Problem description =>
Could you retype exactly the line containing "Bhabinkamtibmas Desa Lapodi" and every line after it in the data below, leaving out the pictures?

◇ ◇ ◇ ◇ ◇

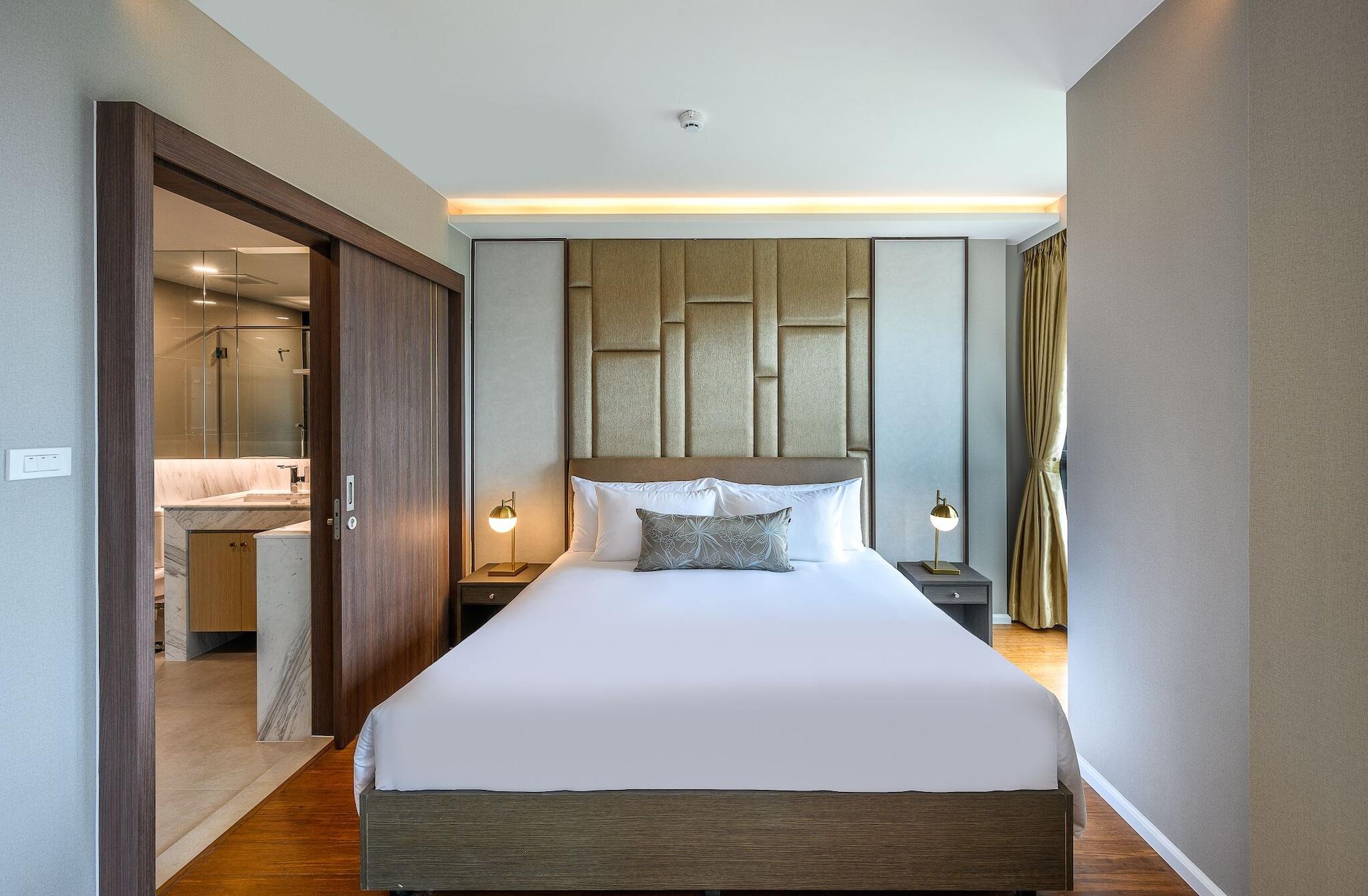 Mida Grande Resort Phuket Bagian luar foto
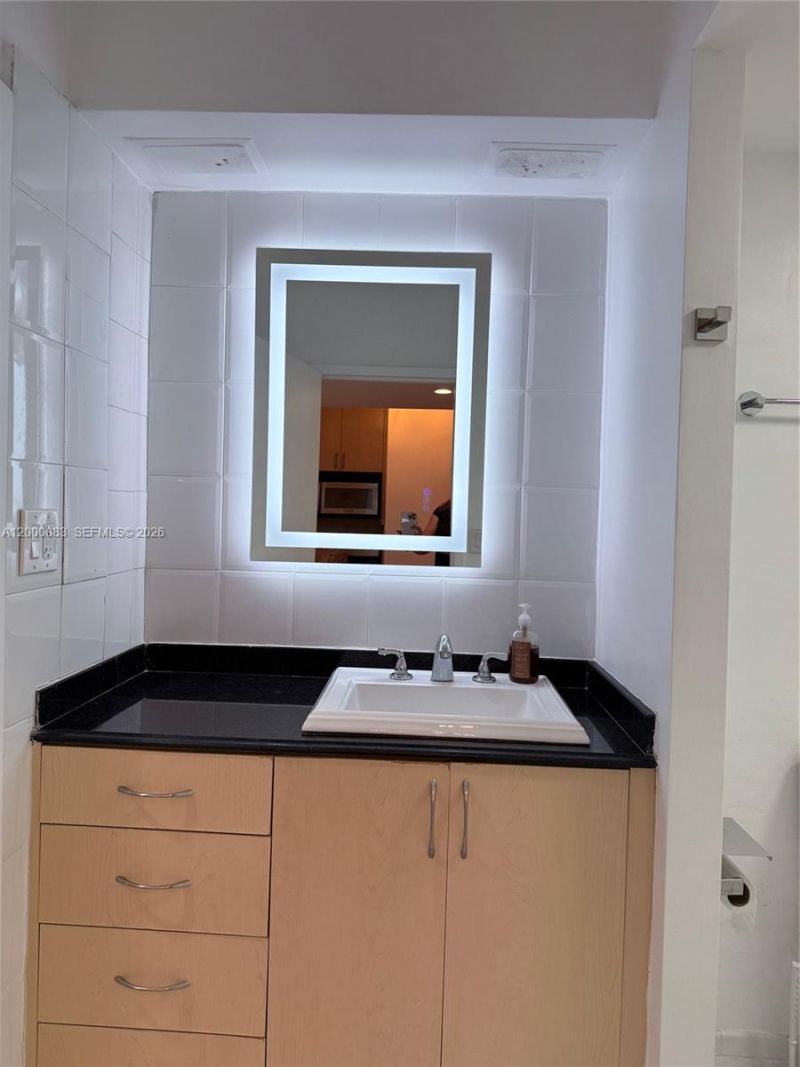 100 Lincoln Rd, Unit 615, Miami Beach, FL 33139 Photo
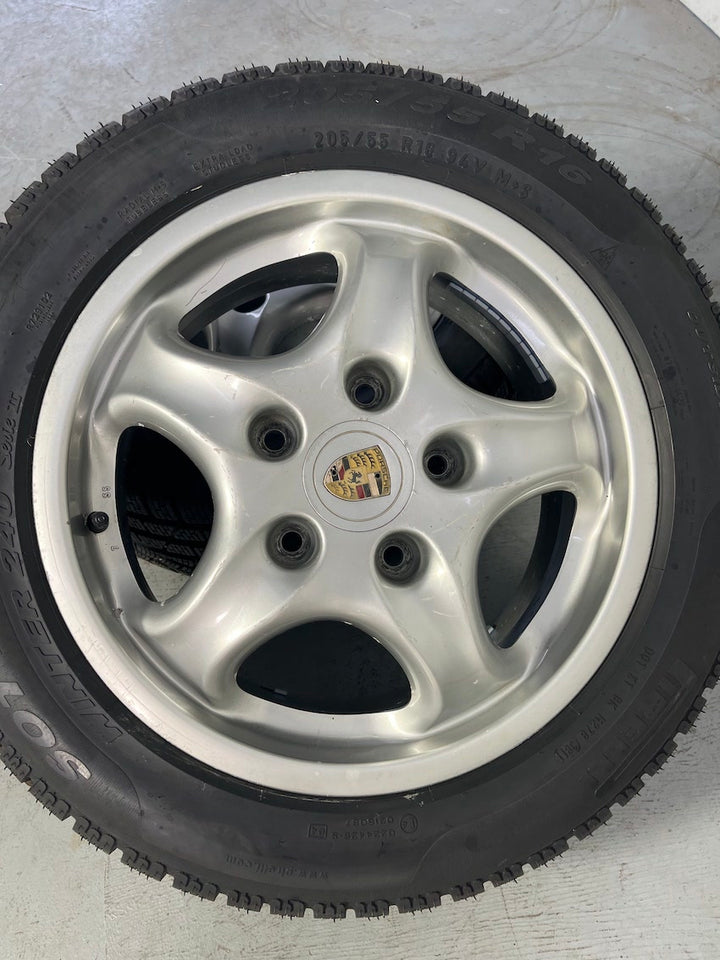 Porsche 993 16 Zoll CUP I Winter Räder 7J+8J x 16 ORIGINAL Standräder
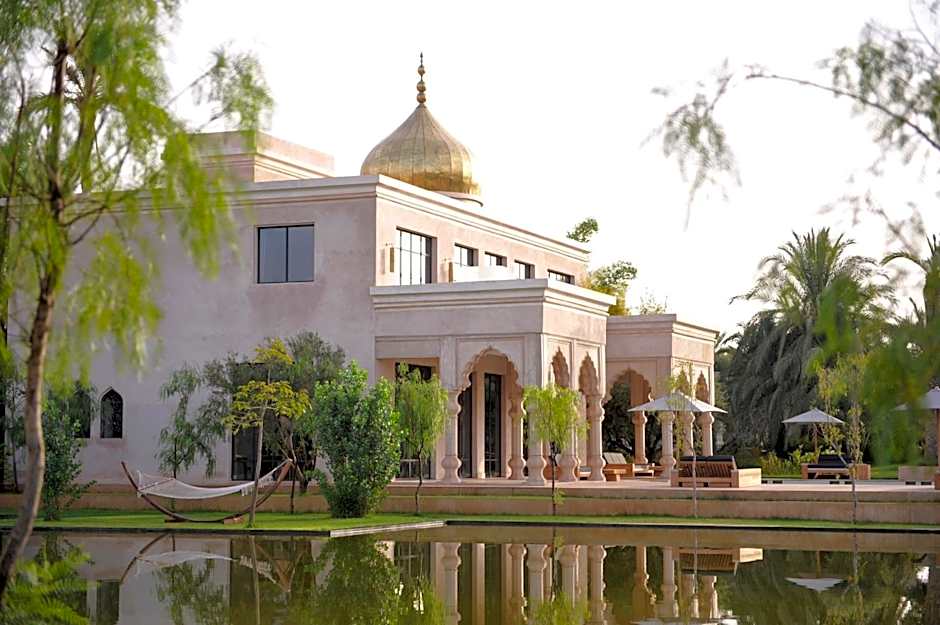 Palais Namaskar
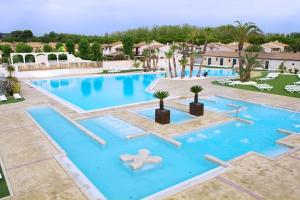 Maisons de vacances Maison a Portiragnes Plage - Residence les Tamaris - Prix piscine non comprise : Maison 2 Chambres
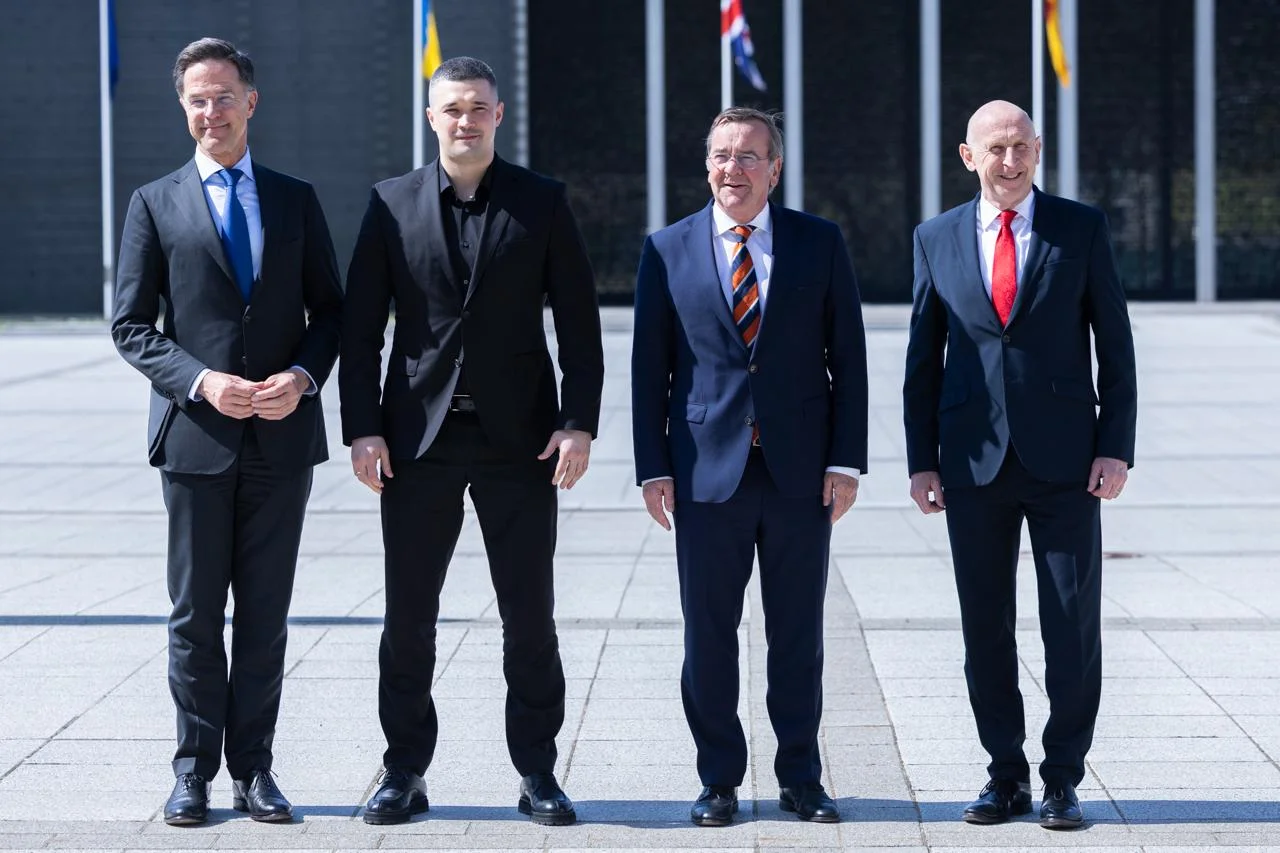120.000 Drohnen: Nahmen am 34. Treffen der fast 50 Staaten umfassenden Ukraine Defence Contact Group in Berlin teil (v.l.n.r.): NATO-Generalsekretär Mark Rutte, der ukrainische Verteidigungsminister Mykhailo Fedorov, der gastgebende deutsche Verteidigungsminister Boris Pistorius und der britische Verteidigungsminister John Healey.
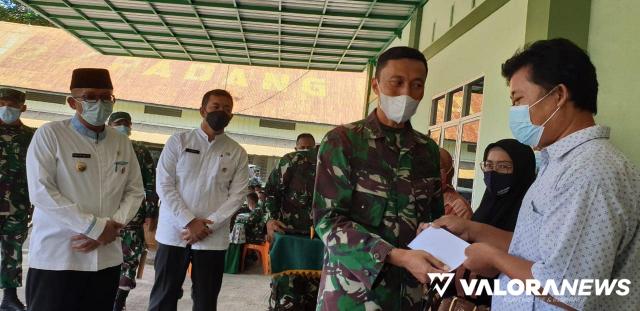 Kodim Padang Salurkan Bansos Bagi 4.500 PKL dan Pemilik Warung Terdampak PPKM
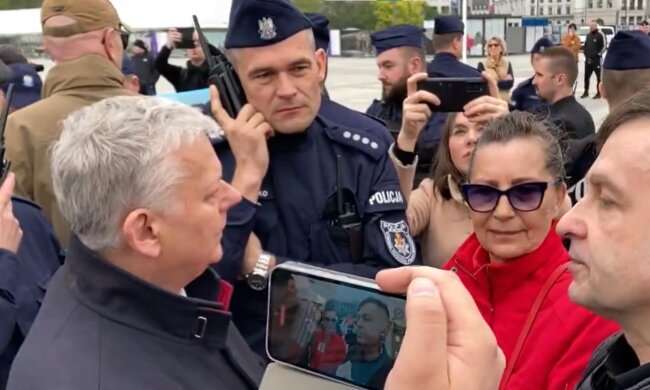 awantura pod pomnikiem smoleńskim, screen platforma X @piotrdrabik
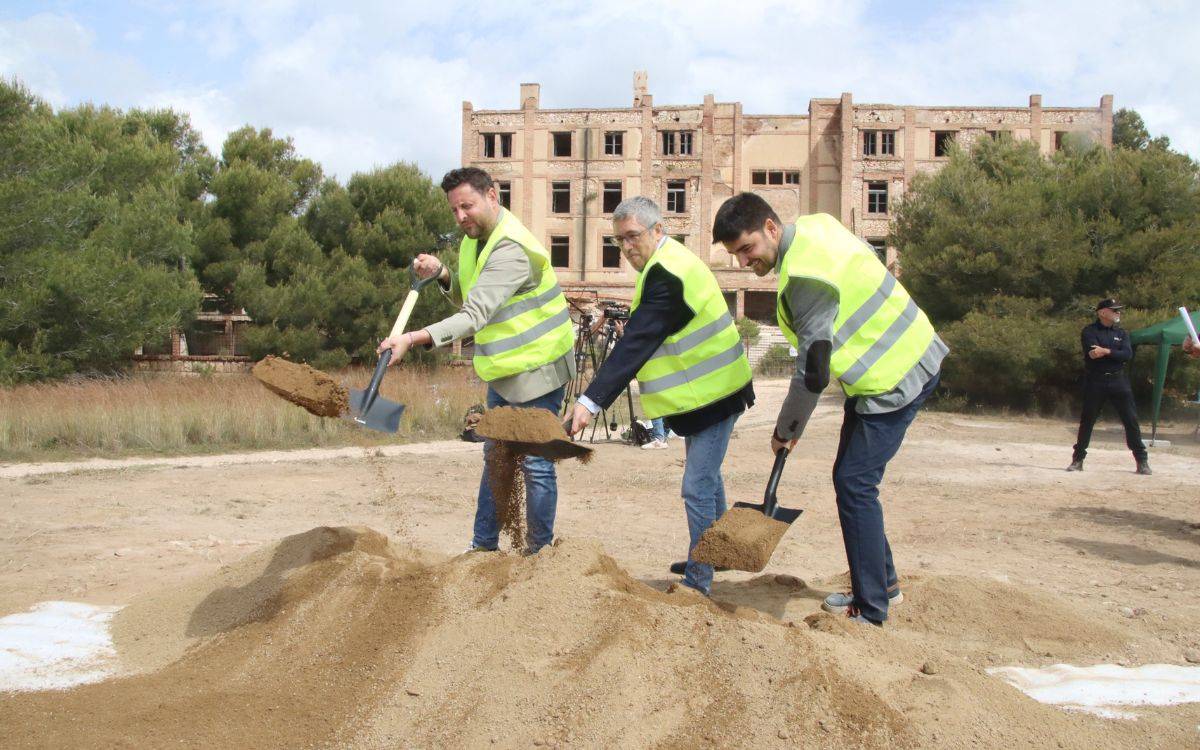 Escenifiquen l'inici de les obres del camí de ronda de la Savinosa de Tarragona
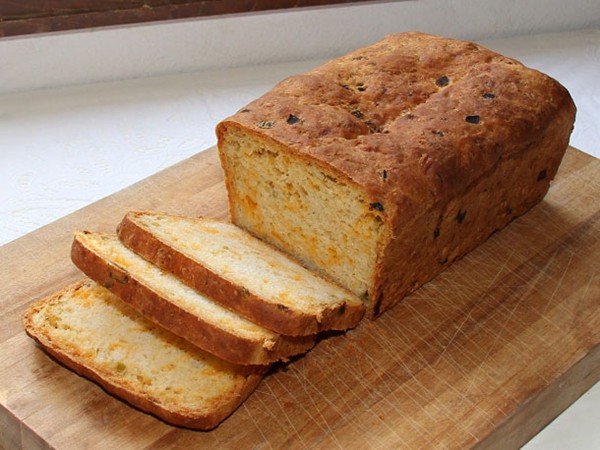 Kneadlessly Simple's cheddar and chiles bread (Knead the Book)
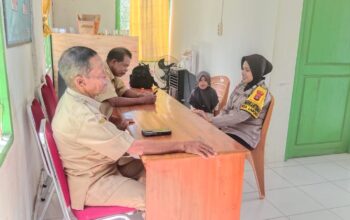 Bhabinkamtibmas Desa Lapodi Sambangi Kantor Desa, Perkuat Sinergi Jaga Kamtibmas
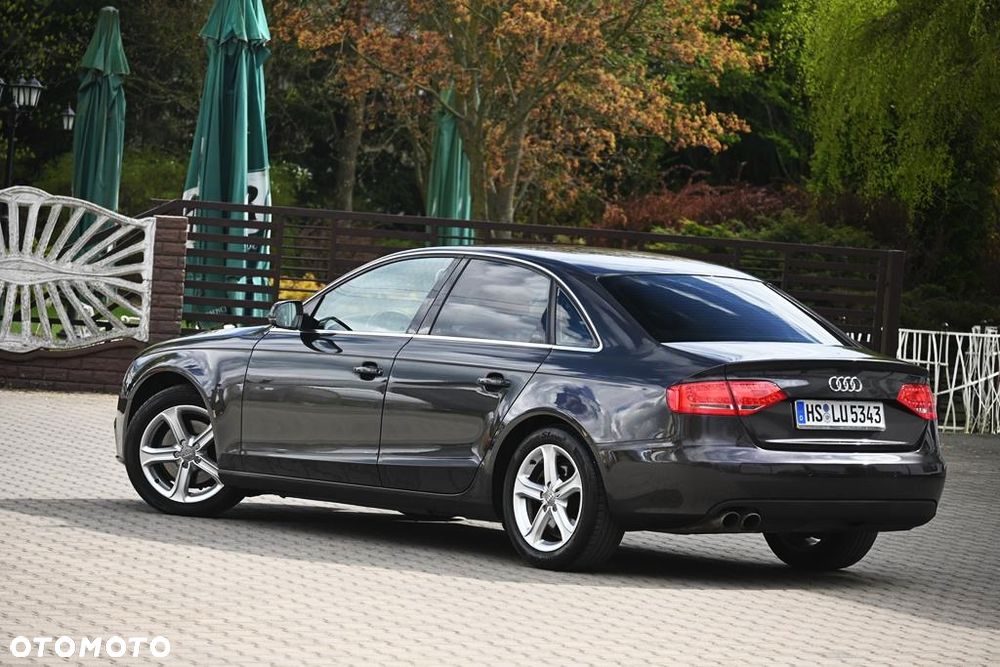 Audi A4 Limousine - 24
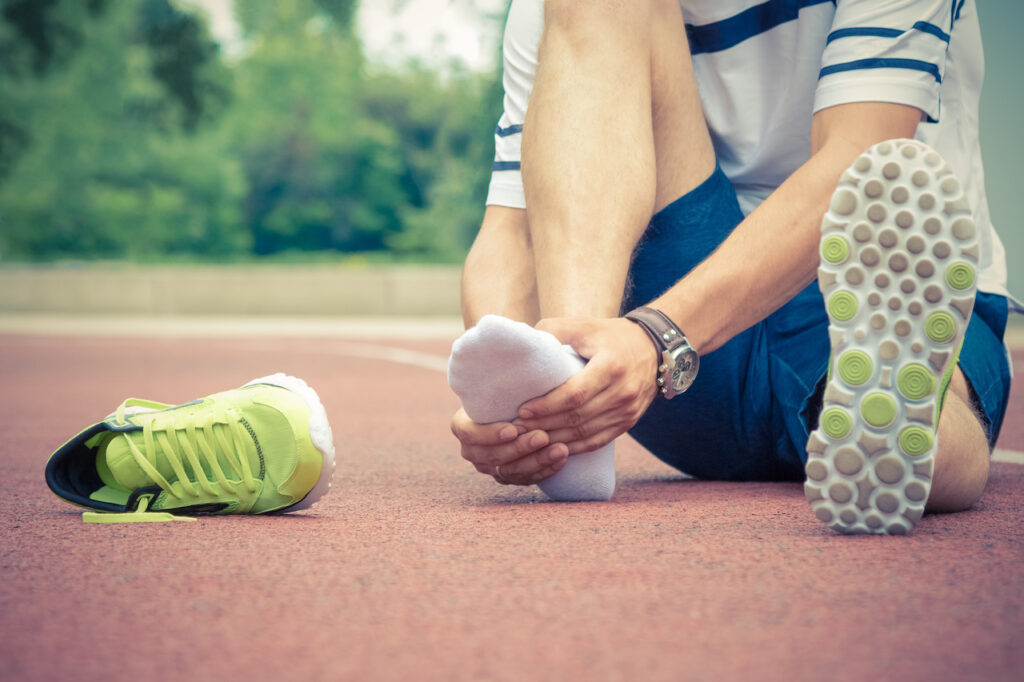 What's the Difference Between Sprains and Strains?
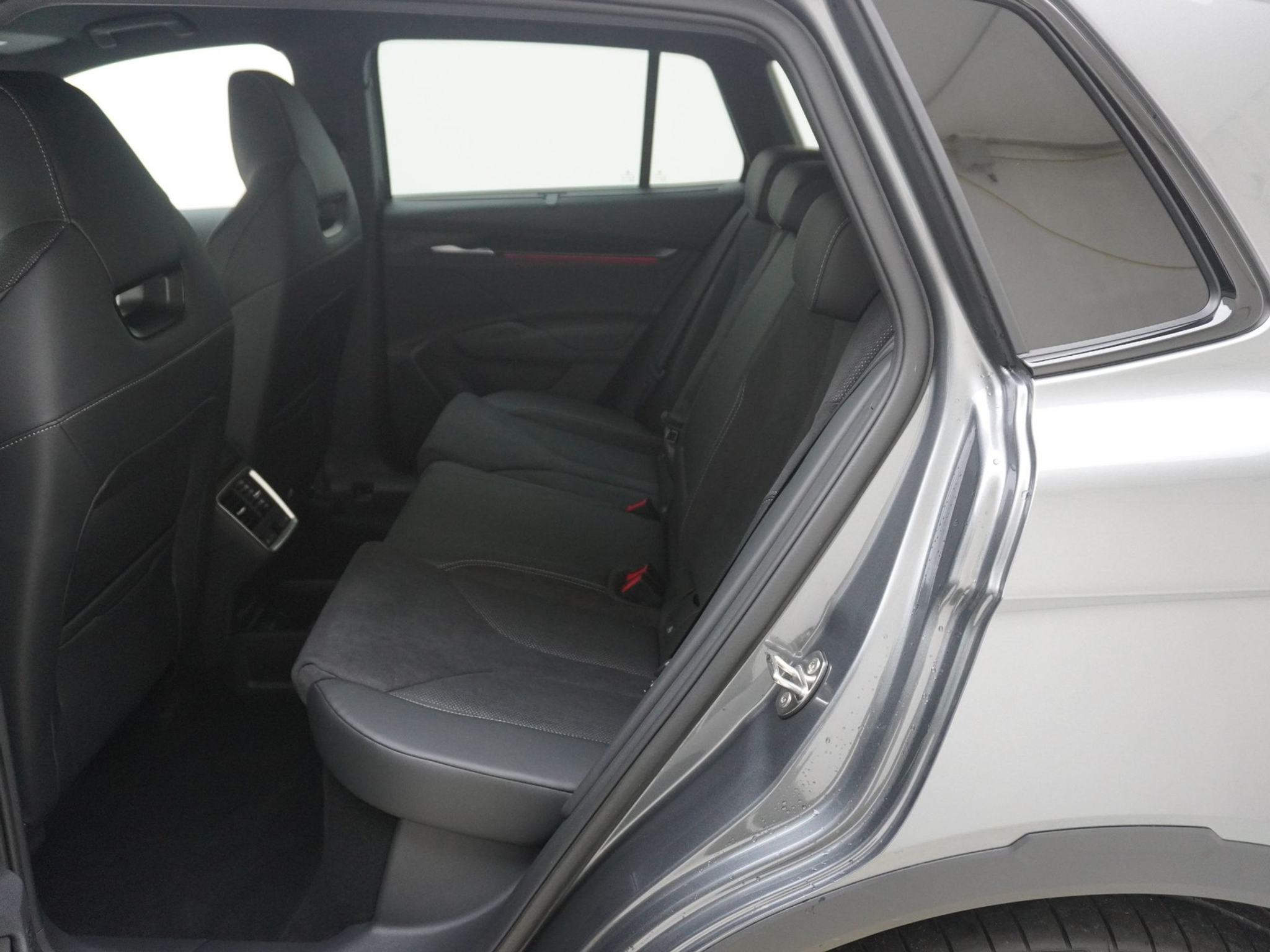 listing desktop thumbnail image 15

◇ ◇ ◇ ◇ ◇

Written reply =>
 Bhabinkamtibmas Desa Lapodi Sambangi Kantor Desa, Perkuat Sinergi Jaga Kamtibmas
 Audi A4 Limousine - 24
 What's the Difference Between Sprains and Strains?
 listing desktop thumbnail image 15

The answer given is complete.